◆ Task instructions: Below is a listing to transcribe in full and exactly; keep the pictures out.

** Data follows **

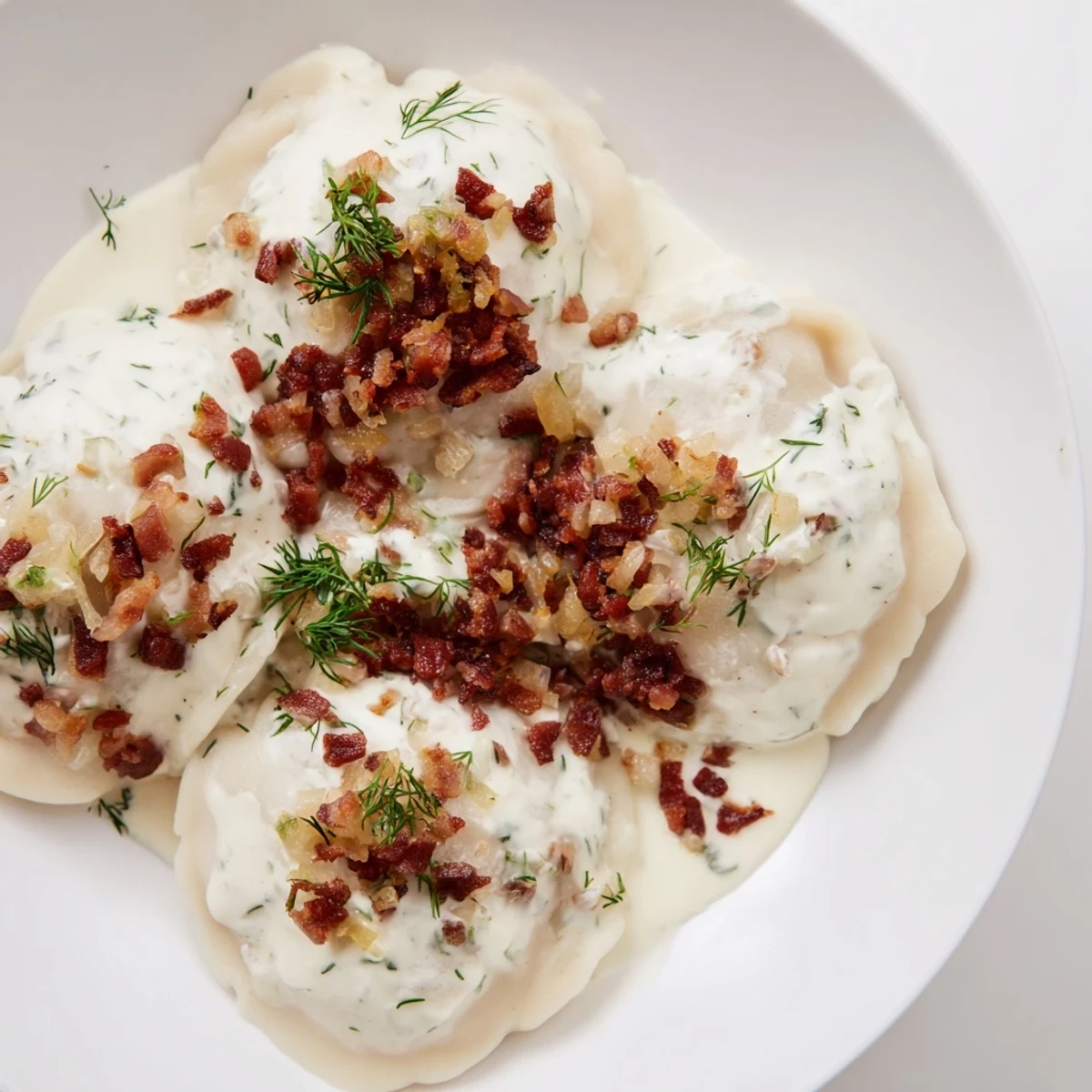 Close-up of golden-brown Cepelinai, showing the potato dumpling contrasted with rich meat filling.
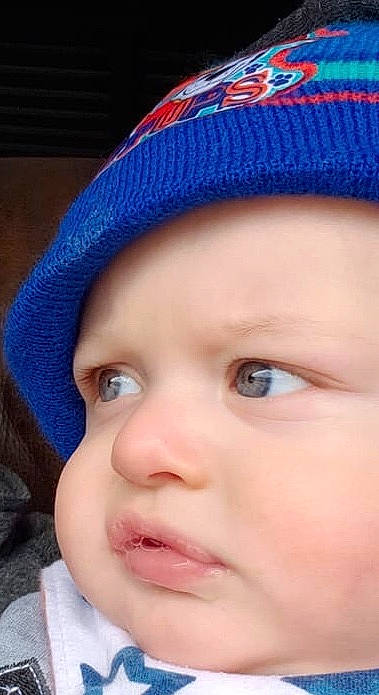 Brian is registered to the contest to win money with this photo: baby, beanie, bonnet, cap, cheek, child, chin, close_up, eye, eyebrow, face, forehead, head, headgear, knit_cap, lip, mouth, nose, person, skin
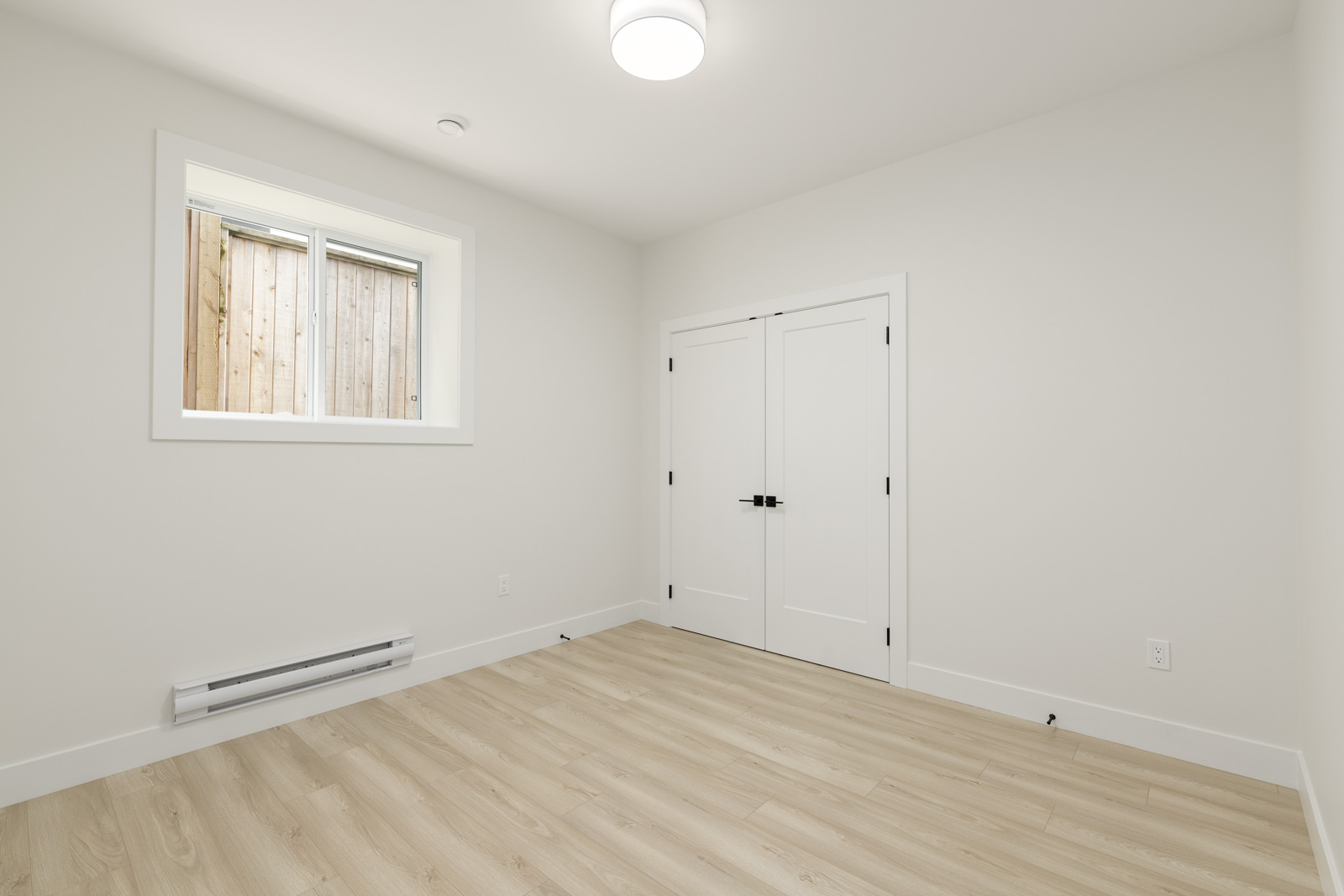 Empty white room with light wooden flooring, double doors, and a small window with a view of a wooden fence. Ceiling light fixture is centered above.
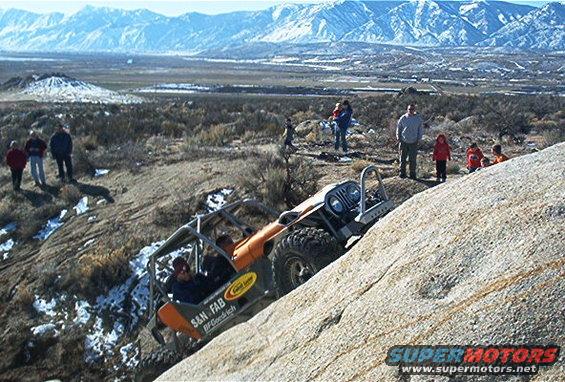 Off-road buggy with roll cage climbing a steep rock face, people watching on the hill
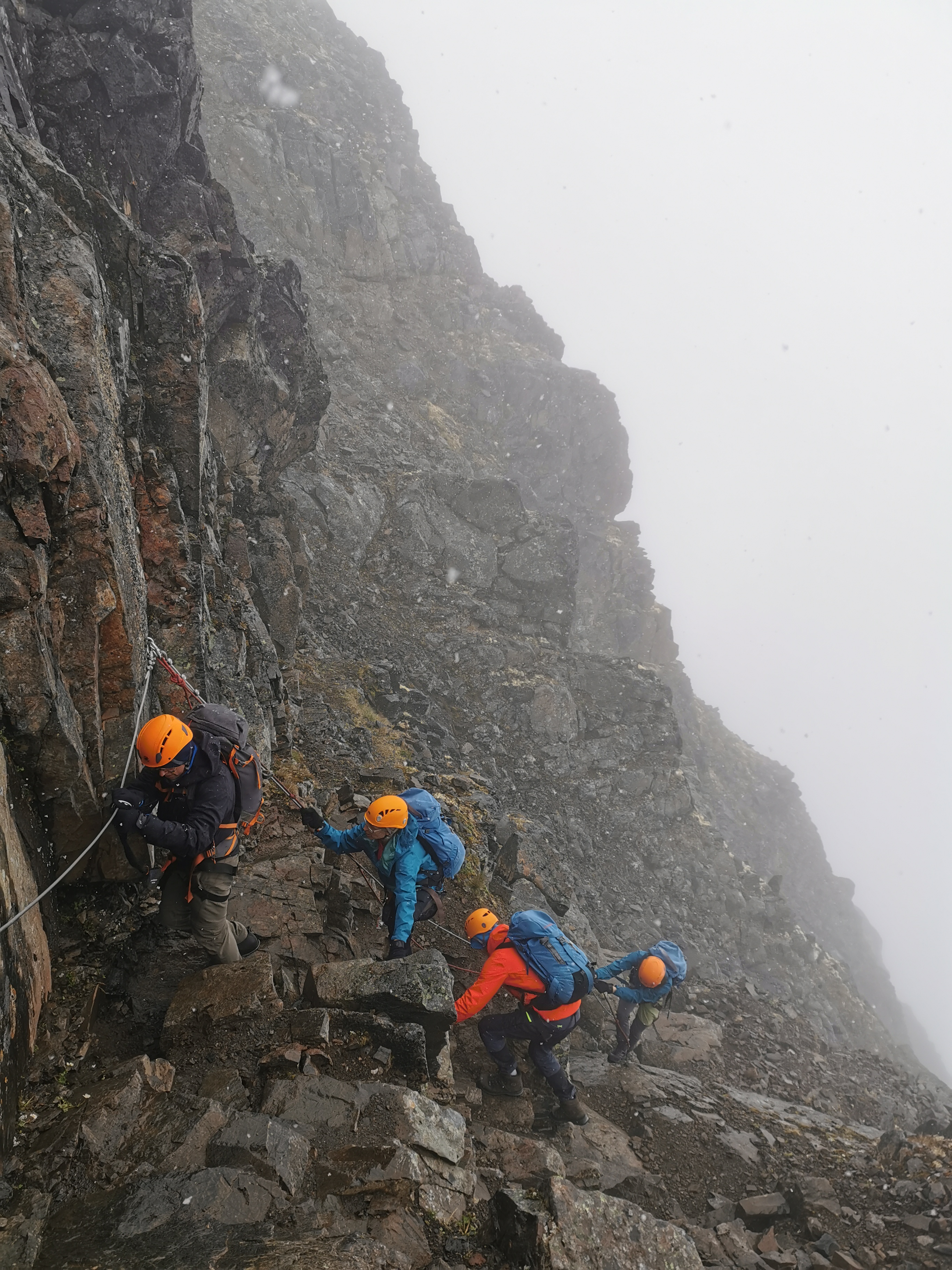 picture of cllient being guided on a mountain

** End of Data **

◆ Exercise answer:
 Close-up of golden-brown Cepelinai, showing the potato dumpling contrasted with rich meat filling.
 Brian is registered to the contest to win money with this photo: baby, beanie, bonnet, cap, cheek, child, chin, close_up, eye, eyebrow, face, forehead, head, headgear, knit_cap, lip, mouth, nose, person, skin
 Empty white room with light wooden flooring, double doors, and a small window with a view of a wooden fence. Ceiling light fixture is centered above.
 Off-road buggy with roll cage climbing a steep rock face, people watching on the hill
 picture of cllient being guided on a mountain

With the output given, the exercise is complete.